列車の中で騒いでいる連中がいるなんて知る由もなく、俺は今、湯船の中でご機嫌に声を張り上げていた。

「ノモウスライダー♪ 素敵な夢へ〜♪」

 ――別におふざけじゃない。本気で気分が乗ってただけだ。お風呂の蒸気が喉に響いて、思わず歌が出てきただけ。

『先生って歌が下手というか、アホっぽく聞こえます』

 アロナが呆れ声で口を挟んでくる。

「俺はアホじゃないぞ! アホって言う方がアホなんだ!」

『その発言もアホっぽいです』

 ……このAIはどうしても俺をアホに仕立てたいらしい。

「っていうか、熱くないんですか!?」

 ん? 熱い? 何が?

 不思議そうに首を傾げると、アロナは悲鳴混じりに叫んだ。

『温度計を見てくださいよ! 451℃ってなってるじゃないですか!』

『お風呂の色も真っ赤で、ぐつぐつ泡も上がってますし!』

「ああ、これか?」俺は肩まで浸かりながら手で湯をすくった。

「これは熱々ラー油って入浴剤でな。この熱さが疲れを燃やし尽くしてくれるんだよ」

『……もう、何を言ってるのかさっぱりです』

 アロナが頭を抱える姿が目に浮かぶ。けれど俺はただ、赤く泡立つ湯の中で大きく息を吐き出す。心地よい熱気が、戦場で張り詰めた神経を溶かしていく気がした。

『それより先生。手紙が届いていること、気づいてますか?』

 手紙? このご時世に?

 アロナの声に振り返れば、机の上にぽつんと白い封筒が置かれていた。

 湯気の向こう、どこか異質な存在感を放つそれは、長い時間俺を待っていたようにも見える。

 バスタオルで体を拭き、封を手に取る。懐かしいような、不穏なような胸騒ぎが走った。
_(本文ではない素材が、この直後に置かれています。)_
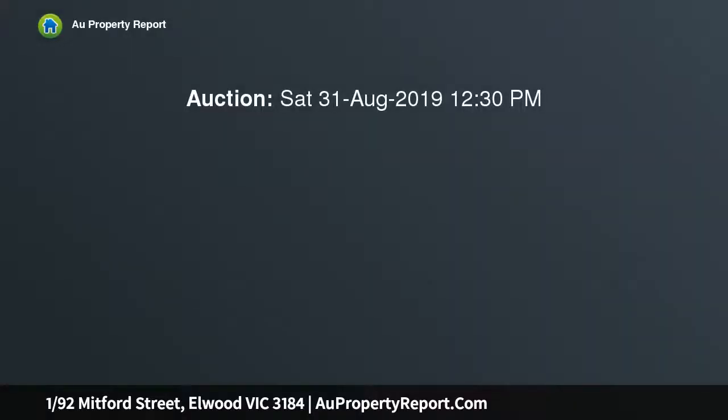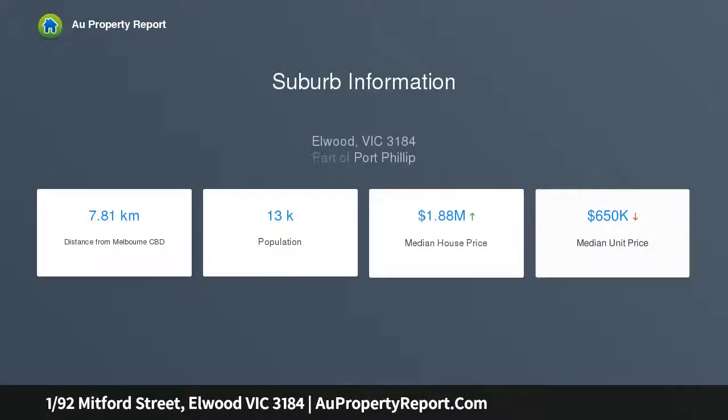More like a single-level townhouse than a ground floor apartment, the exceptional size of this fabulous three bedroom, two bathroom home is suited to a range of buyers, including busy families, time-poor professionals, or empty nesters seeking a low-maintenance bayside lifestyle.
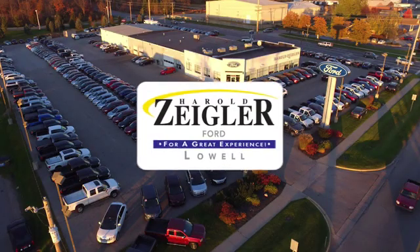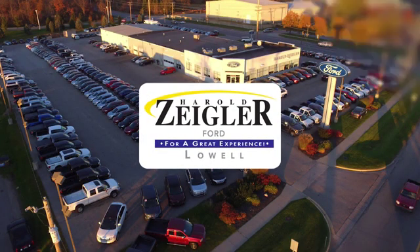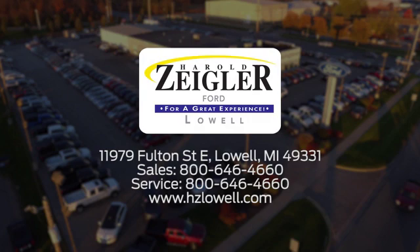See it for yourself today. Harold Ziegler — for a great experience, we're conveniently located at 11979 Fulton Street East in Lowell, Michigan.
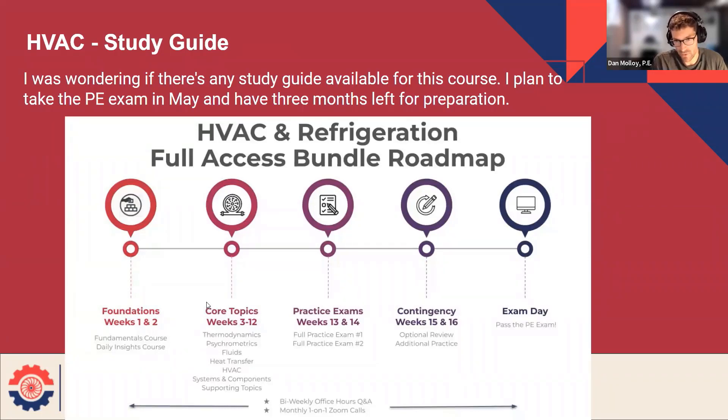At the end, also inside that practice problems module, there are two full practice exams — another 160 problems on top, with all the same features. Then I recommend taking a little bit of time at the end for returning to or reviewing anything that you found interesting or confusing. Save yourself a couple of weeks at the end to do that, and then get ready for your game plan on the day of.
 封のシール――見覚えのある校章。太陽の下に、逆三角形。

「アビドス……か」

 深呼吸し、便箋を開く。

 《連邦捜査部の先生へ》

 《こんにちは。私はアビドス高等学校の奥空アヤネと申します。》

 ペンの跡が震えている。必死に綴られたその文面は、真っ直ぐに俺の胸を突いた。

 《今、私達の学校は追い詰められています。それも、地域の暴力組織によってです》

 《補給は底を突きかけ、このままでは校舎を占拠されてしまいます》

 《どうか先生、私達の力になっていただけませんか?》

 最後の一文に滲んだインクのしみ――それは迷いであり、不安であり、けれど同時に、必死に繋ぎ止めようとする意志の跡でもあった。

 その跡を目にした瞬間、胸の奥でじりじりとした熱が広がっていく。さっきまで俺の身体を包んでいた熱湯なんて比じゃない。もっと強く、もっと焦げつくような熱だ。

 ――これはただの依頼じゃない。

 SOSだ。必死に伸ばされた、小さな手だ。

 頭の奥底で、いつか聞いた言葉が響く。

 列車に刻まれた、開拓者のための規則。

 一、「開拓者は自分の主張を持て」

 二、「列車の乗員は常に団結せよ」

 三、「逆境にあろうと悪に立ち向かえ」

 四、「何が起ころうとも後悔はするな」

 五、「共に長い夜を照らそう」

 六、「困難な局面でも前を見据えるのだ」

 ――混乱を打ち砕け!

 懐かしい声の残響が、心臓の奥で脈打つ。

 俺は列車の仲間の顔を思い出せない。記憶の霧に飲み込まれてしまった。

 それでも、列車を捨てた覚えなんてない。

 あの誇りは、まだこの胸に生きている。

 だからこそ。

 いつか再び彼らに会えたとき、胸を張って

 ――俺は逃げなかった、と言えるように。

「よし」

 手紙を握りしめ、立ち上がる。

 赤い湯気に包まれた浴室の中で、俺は高らかに宣言した。

「この学校を――開拓する!」

 熱気が一瞬で冷えた気がした。だが胸の炎は、誰にも消せはしない。

 

そう、「開拓」――俺は「開拓」をしに来た。

 ……はずだった。

 バタン、と膝が砂に沈む音。

 気がつけば俺は、広大なアビドス住宅街のど真ん中で遭難者みたいに立ち尽くしていた。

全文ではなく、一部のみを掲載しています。